La Confagricoltura locale ha allora dato alcune dritte per incoraggiare gli imprenditori a rivedere le proprie coltivazioni, anche in misura radicale.

Sì, perché a volte basta davvero poco per tornare a macinare utili in quantità. Bisogna solo sintonizzarsi sulle dinamiche di mercato, e assecondarle.
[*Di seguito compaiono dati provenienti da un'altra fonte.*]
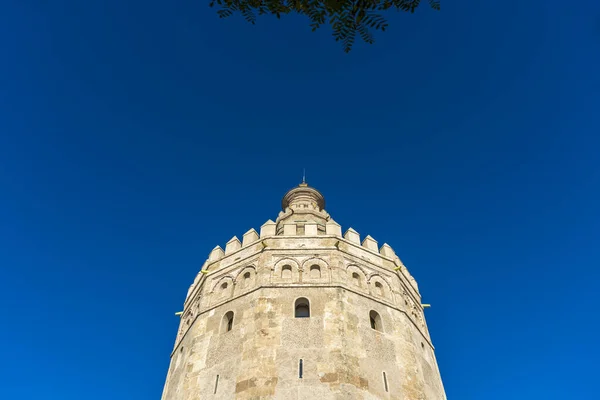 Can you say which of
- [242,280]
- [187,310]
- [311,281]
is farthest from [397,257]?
[187,310]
In agricoltura i cambiamenti vanno spesso a ritmo troppo blando rispetto a ciò che richiede la domanda dei consumatori. Alcuni prodotti attraversano veri e propri boom di richieste (seppur in alcuni casi per periodi brevi) che devono trovare un riscontro rapido. Si pensi alle bacche di goji, ai semi di chia, al melograno o alla quinoa.

 

È IL MOMENTO DI PUNTARE SU NOCI, NOCCIOLE E LUMACHE

Quali sono allora i prodotti che potrebbero regalare qualche soddisfazione in più? Noci e nocciole, ad esempio. Ma anche il bambù, che grazie alla sua versatilità, incontra un’ottima accoglienza sul mercato. E tra l’altro non richiede impegno o attrezzature particolari. Un’altra opportunità potrebbe venire dalle lumache, la cui bava viene usata con successo in campo cosmetico.